• **Task prompt**
What you return should be the exact lines from the one with "A ramekin is" to the end of the records below, both included, and no pictures.

[Data extracted from a collection]
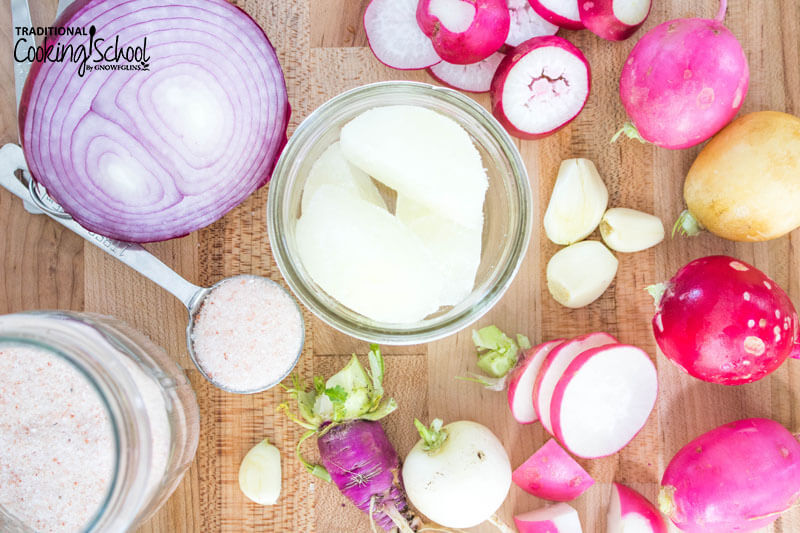Ingredients for fermenting radishes: red onion, salt, garlic gloves, radishes.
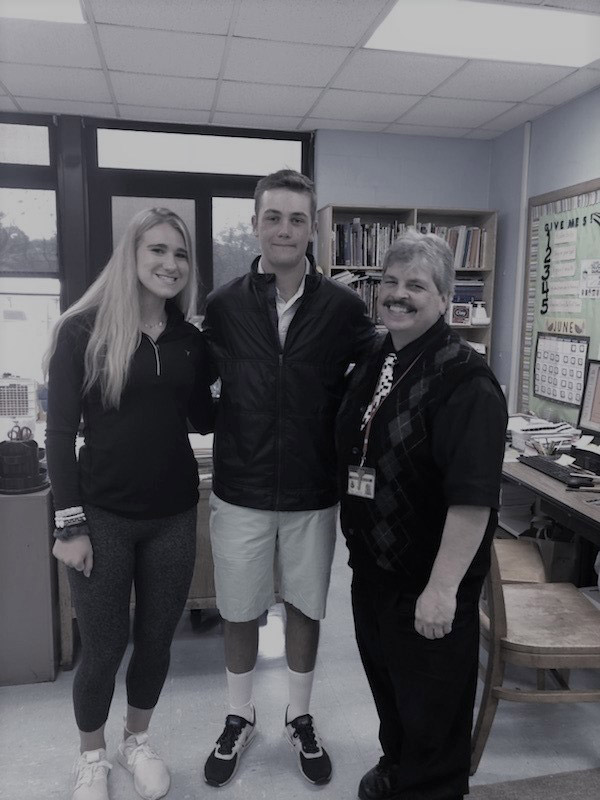 Seniors Katie Seccafico and Tyler Gerbavsits with retiring teacher James Lauter.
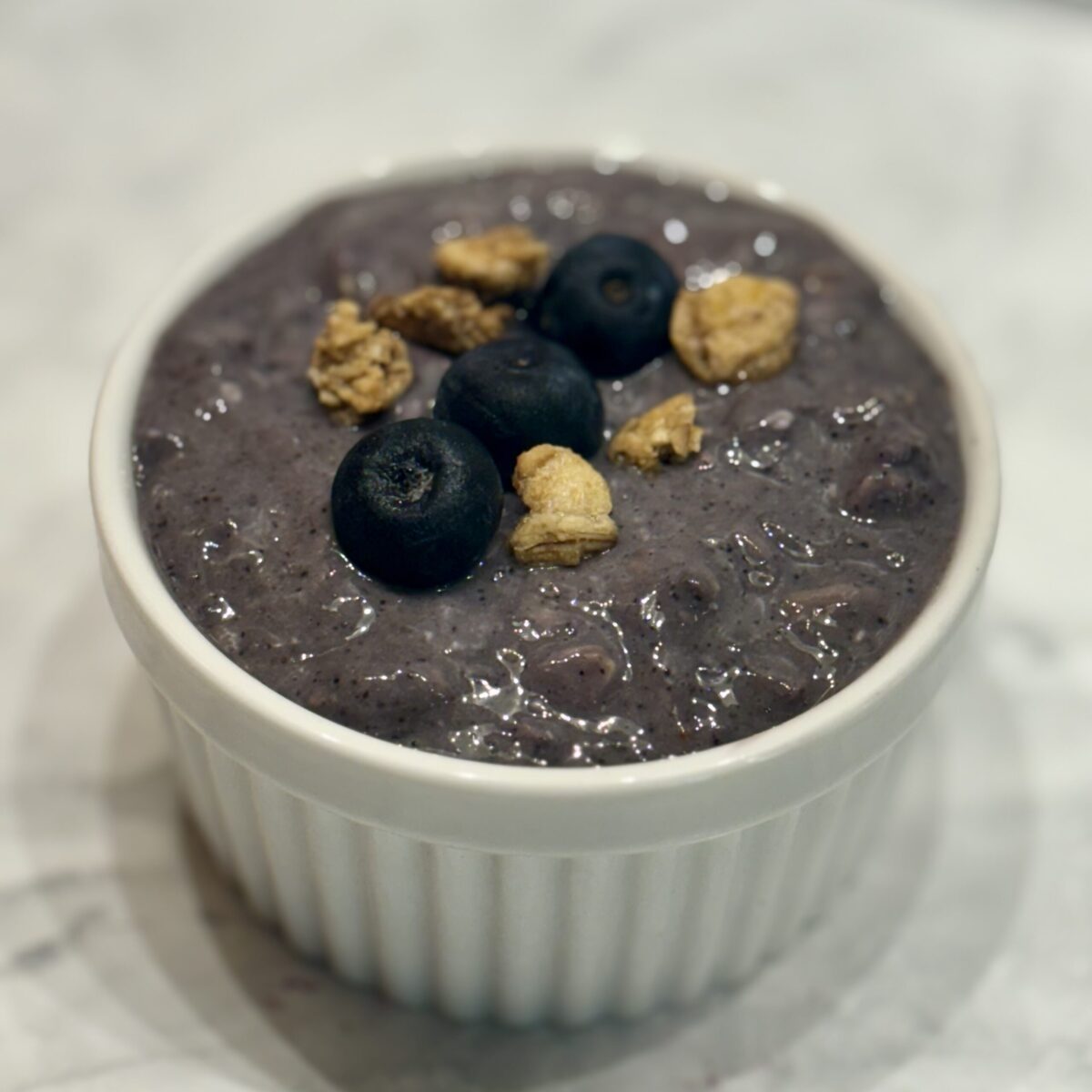 A ramekin is filled with blueberry overnight oats and topped with whole blueberries and granola.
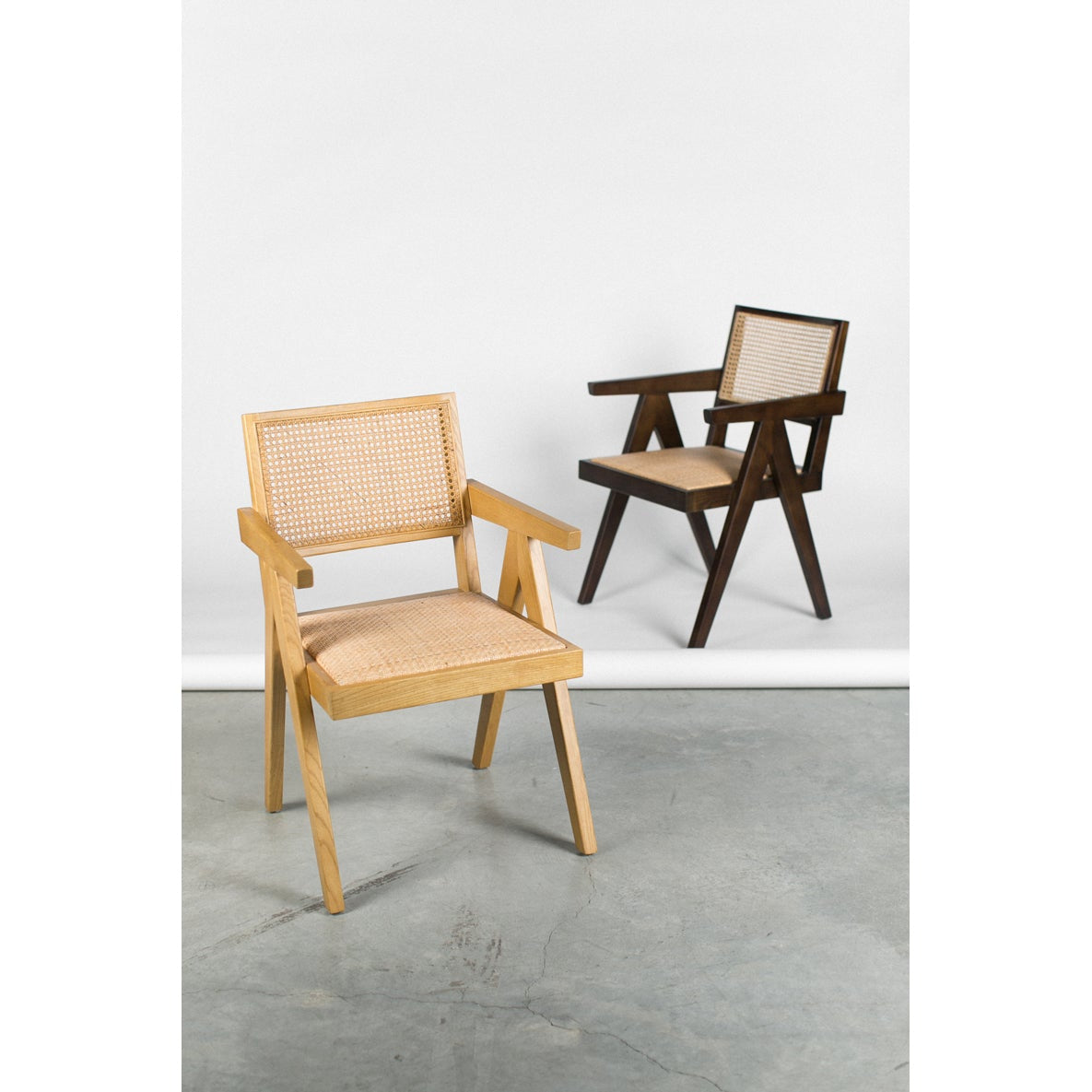 Two chairs, one wooden and one with woven backrest, on a gray floor with a white wall background.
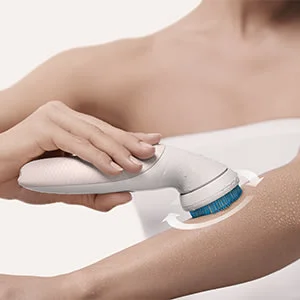 Braun cleansing brush being used on a woman's arm, with arrows indicating circular motion.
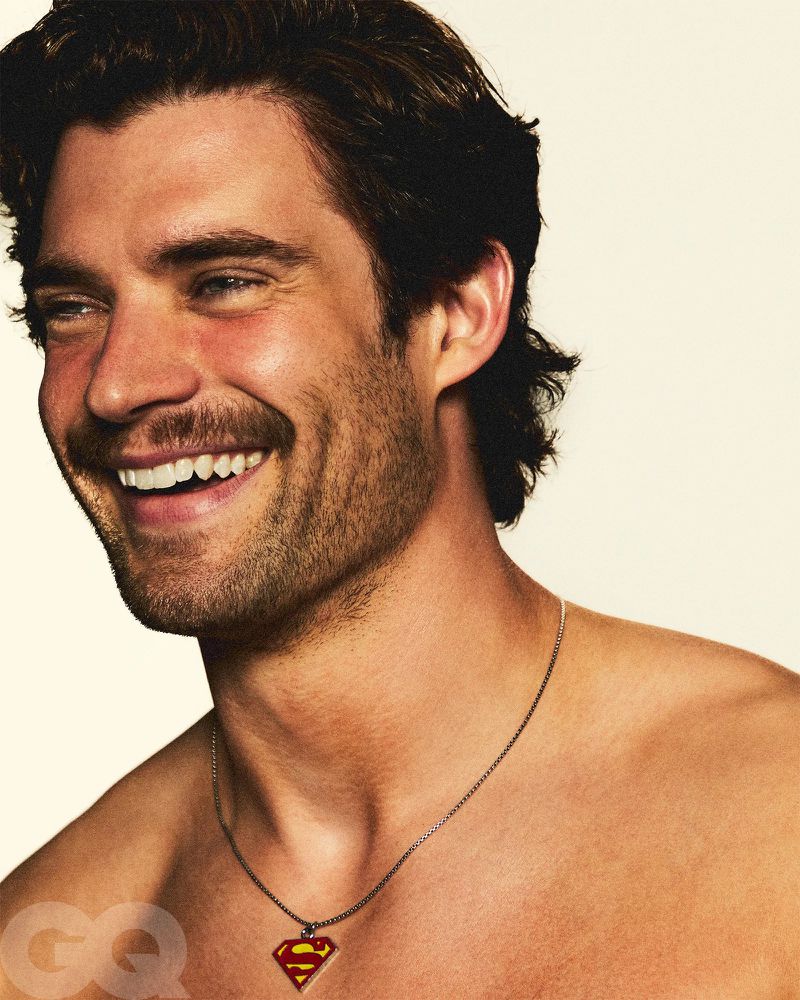 Smiling man with bare chest wearing a necklace with a Superman logo pendant against a light beige background in a close-up portrait.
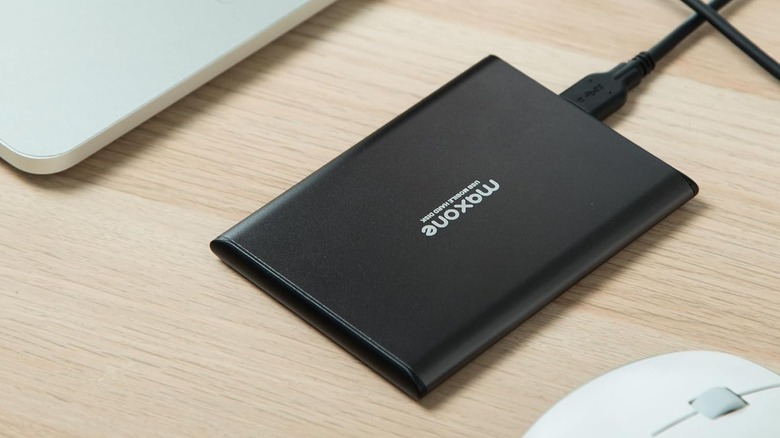 The Maxone 2519 external hard drive on a wooden desk, in between a laptop and a mouse.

• **Finished exercise**
 A ramekin is filled with blueberry overnight oats and topped with whole blueberries and granola.
 Two chairs, one wooden and one with woven backrest, on a gray floor with a white wall background.
 Braun cleansing brush being used on a woman's arm, with arrows indicating circular motion.
 Smiling man with bare chest wearing a necklace with a Superman logo pendant against a light beige background in a close-up portrait.
 The Maxone 2519 external hard drive on a wooden desk, in between a laptop and a mouse.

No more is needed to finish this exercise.